Je ne puis donner ici, dans son entier, le livre que je me propose d’écrire sur mes croyances artistiques, et je me contente d’indiquer à larges traits ce qui est et ce que je crois. Je ne renverse aucune idole, je ne nie aucun artiste. J’accepte toutes les œuvres d’art au même titre, au titre de manifestations du génie humain. Et elles m’intéressent presque également, elles ont toutes la véritable beauté  : la vie, la vie dans ses mille expressions, toujours changeantes, toujours nouvelles. La ridicule commune mesure n’existe plus  ; le critique étudie une œuvre en elle-même, et la déclare grande, lorsqu’il trouve en elle une traduction forte et originale de la réalité  ; il affirme alors que la Genèse de la création humaine a une page de plus, qu’il est né un artiste donnant à la nature une nouvelle âme et de nouveaux horizons. Et notre création s’étend du passé à l’infini de l’avenir  ; chaque société apportera ses artistes, qui apporteront leur personnalité. Aucun système, aucune théorie ne peut contenir la vie dans ses productions incessantes. Notre rôle, à nous juges des œuvres d’art, se borne donc à constater les langages des tempéraments, à étudier ces langages, à dire ce qu’il y a en eux de nouveauté souple et énergique. Les philosophes, s’il est nécessaire, se chargeront de rédiger des formules. Je ne veux analyser que des faits, et les œuvres d’art sont de simples faits.

Donc, j’ai mis à part le passé, je n’ai ni règle ni étalon dans les mains, je me place devant les tableaux d’Édouard Manet comme devant des faits nouveaux que je désire expliquer et commenter.

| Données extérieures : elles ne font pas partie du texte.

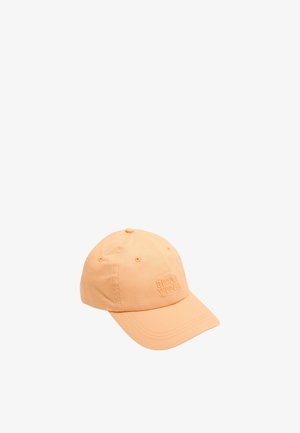 Jasnopomarańczowa czapka z daszkiem z haftowanym napisem "BIMBA Y LOLA" na przodzie, z panelem przeszywanym i otworami wentylacyjnymi.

Ce qui me frappe d’abord dans ces tableaux, c’est une justesse très délicate dans les rapports des tons entre eux. Je m’explique. Des fruits sont posés sur une table et se détachent contre un fond gris  ; il y a entre les fruits, selon qu’ils sont plus ou moins rapprochés, des valeurs de coloration formant toute une gamme de teintes. Si vous partez d’une note plus claire que la note réelle, vous devrez suivre une gamme toujours plus claire  ; et le contraire devra avoir lieu, lorsque vous partirez d’une note plus foncée. C’est là ce qu’on appelle, je crois, la loi des valeurs. Je ne connais guère, dans l’école moderne, que Corot, Courbet et Édouard Manet qui aient constamment obéi à cette loi en peignant des figures. Les œuvres y gagnent une netteté singulière, une grande vérité et un grand charme d’aspect.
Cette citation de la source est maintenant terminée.